1 . BÖLÜM~MEZARLIK~

4K 104 4
                                    

Arkadaşlar bu kitabı daha önce okumuş olabilirsiniz. Daha önce başka hesapta yayınlamıştım. Fakat bazı nedenlerden dolayı hesabımı değiştirmek zorunda kaldığım için bu hesapta kitabın tamamını ve yeni bölümlerini bulabilirsiniz. Eski ve yeni tüm pinokyolarımaa iyi okumalar öpüldünüz

~

"Gözlerini kapattığında beni görüyorsan, Ben ordayım kalbinde "

♡♡♡

"Buyurun hanımefendi geldik"

Beni ele geçiren saçma düşüncelerden ayrılıp taksiye para ödedikten sonra mezarlığa doğru adımlarımı atmaya devam ettim. İçimde hala garip bir his vardı. Buraya ilk defa yalnız geliyordum.
Mezar taşında 'MELEK TUNÇ ve HALUK TUNÇ' yazısını görmekle gözlerimin dolmasına engel olamadım .Onların yanında ağlamamalıydım onlar benim üzülmememi isterdi .

Onlar anne ve babamdı ama biyolojik olmayan. Ben kendimi bildim bileli yanımdalardı.

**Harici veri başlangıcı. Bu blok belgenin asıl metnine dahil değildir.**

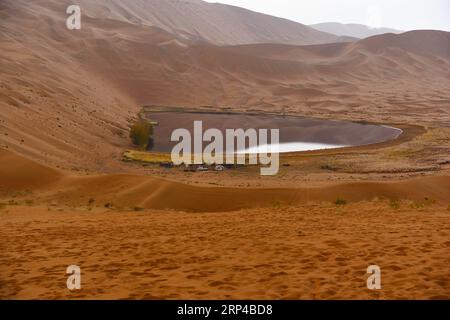 (181103) -- ARAXAN, 3. November 2018 -- Foto aufgenommen am 18. Oktober 2018 zeigt einen See in der Badain-Jaran-Wüste, Chinas drittgrößte Wüste, in Nordchinas autonomer Region Innere Mongolei. )(mcg) CHINA-INNERE MONGOLEI-BADAIN JARAN WÜSTE (CN) LixRenhu PUBLICATIONxNOTxINxCHN Stockfoto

Taki ben liseye geçince babam işi için yurtdışına çıkarken annemide yanında götürene kadar.Babam anneme gerçekten çok aşıktı .O sırada ben okula gittiğim için babaannemle ve dedemle kalmıştım tıpkı şimdiki gibi
ölüm haberi geldiğinde okuldaydım yanımda Rüzgar, Beyza , Gizem ve Serkan vardı onlar benim en yakın arkadaşlarımdı ve o uçak kazasından sonra kötü günlerimde hep yanımda oldular.

Yanaklarıma süzülen yaşlara yine söz geçiremedim

"Keşke sizin çocuğunuz olmadığımı sizden duysaydım." dedim hıçkırırken

"Sizi çok seviyorum siz benim gerçek
anne ve babamsınız .Ben yalnız kaldım diye üzülmeyin hiç yalnız kalmadım. Sürekli bulmaca çözen bir dedem çiçeklerini çocuklar gibi seven babannem .Benimle sürekli uğraşan hiç yalnız bırakmayan arkadaşlarım var. Yani ben çok iyiyim
Sizde çok iyi olun kendinize iyi bakın "

Böyle zamanlarda hiç konuşmayı beceremezdim.

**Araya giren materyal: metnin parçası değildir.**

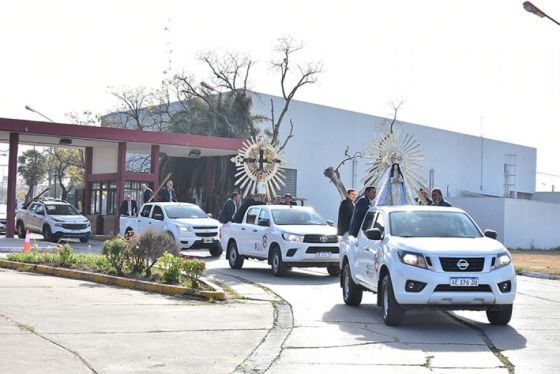 Las imágenes peregrinas del Señor y la Virgen del Milagro visitaron la Casa de Gobierno de Salta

Evlatlık olduğumu annem ve babam öldüğünde babaannem ve dedem konuşurken duymuştum.

Annem ve babamın çocuğu olmadığı için beni Çocuk Esirgeme Kurumundan evlatlık almışlardı.

Yani aşklarının meyvesi olarak beni seçmişlerdi.

Ama öğrendiğimdede çok takmamıştım.
Çünkü biliyordum onlar benim üzülmememi istedikleri için söylememişlerdi.

İki kere annem ve babam tarafından terkedilsemde sürekli Karalar bağlamak yerine herşeye rağmen mutlu olabilen bir yapım vardı. Ölmelerinden on gün sonra okula geri dönmüştüm.

Bugün onların 3.ölüm yıldönümleriydi
Dedem ve babannnemle gelmek istememiştim onlarla yalnız kalmak istiyordum.
Mezarlarının başından kalkıp yavaşça yürümeye başladım.
Göz yaşlarım pes etmişti artık yanaklarım da kurumaya başlamıştı. Herkes öyle sansa da hala onların yokluğuna alışamadım.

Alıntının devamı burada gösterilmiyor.